** Opening EXCERPTED DATA block **
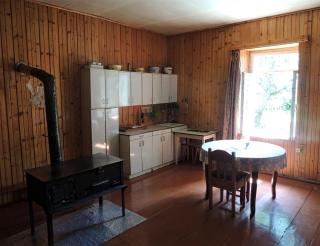 Guesthouse Marshan - 3
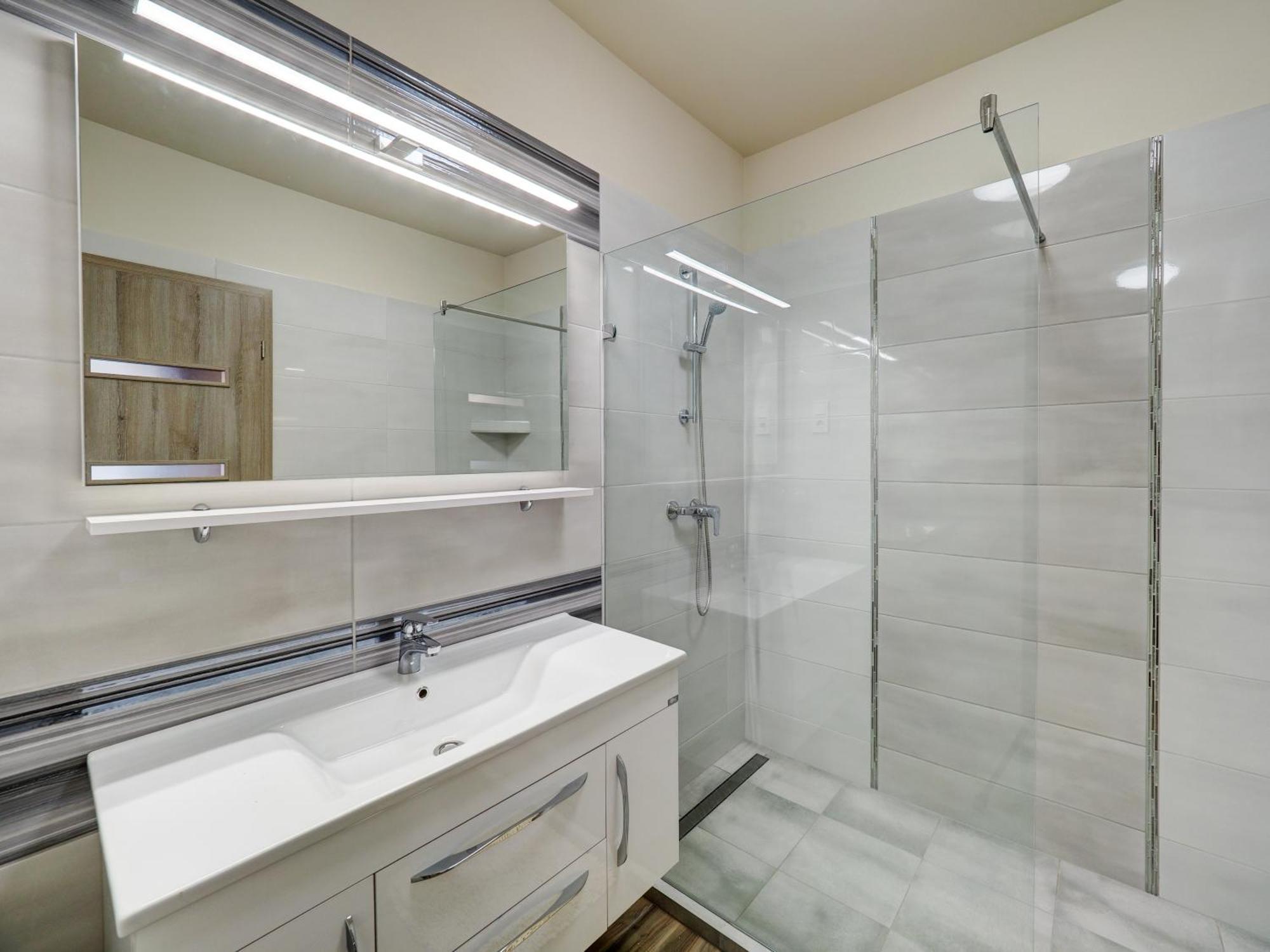 شقة Hajnal Apartman سيغيد الغرفة الصورة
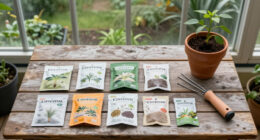 12 Best Cover Crop Seeds in 2026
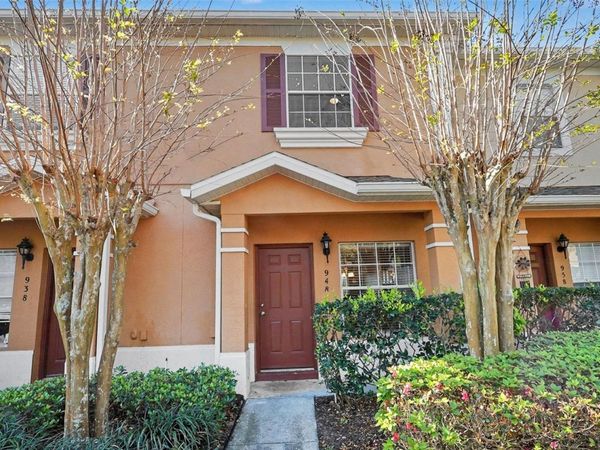 948 CHELSEA DRIVE , DAVENPORT, FL 33897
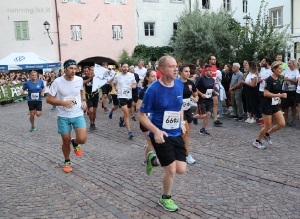 firmenlauf_434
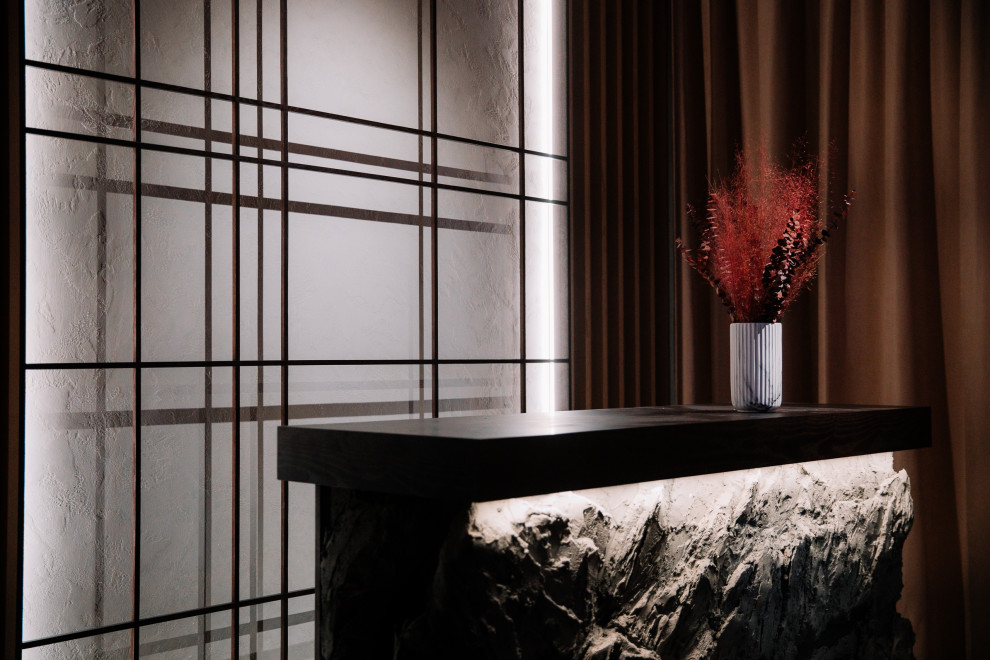 Обложка проекта: Ichi-Go-Ichi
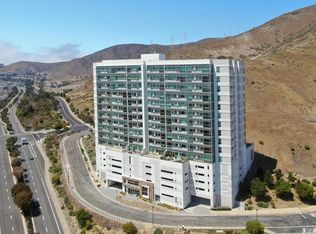 1 Mandalay Pl UNIT 1502, South San Francisco, CA 94080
** Closing EXCERPTED DATA block **
ASSIGNMENT
Reproduce the material exactly; omit the pictures.

EXERCISE SOLUTION
 Guesthouse Marshan - 3
 شقة Hajnal Apartman سيغيد الغرفة الصورة
 12 Best Cover Crop Seeds in 2026
 948 CHELSEA DRIVE , DAVENPORT, FL 33897
 firmenlauf_434
 Обложка проекта: Ichi-Go-Ichi
 1 Mandalay Pl UNIT 1502, South San Francisco, CA 94080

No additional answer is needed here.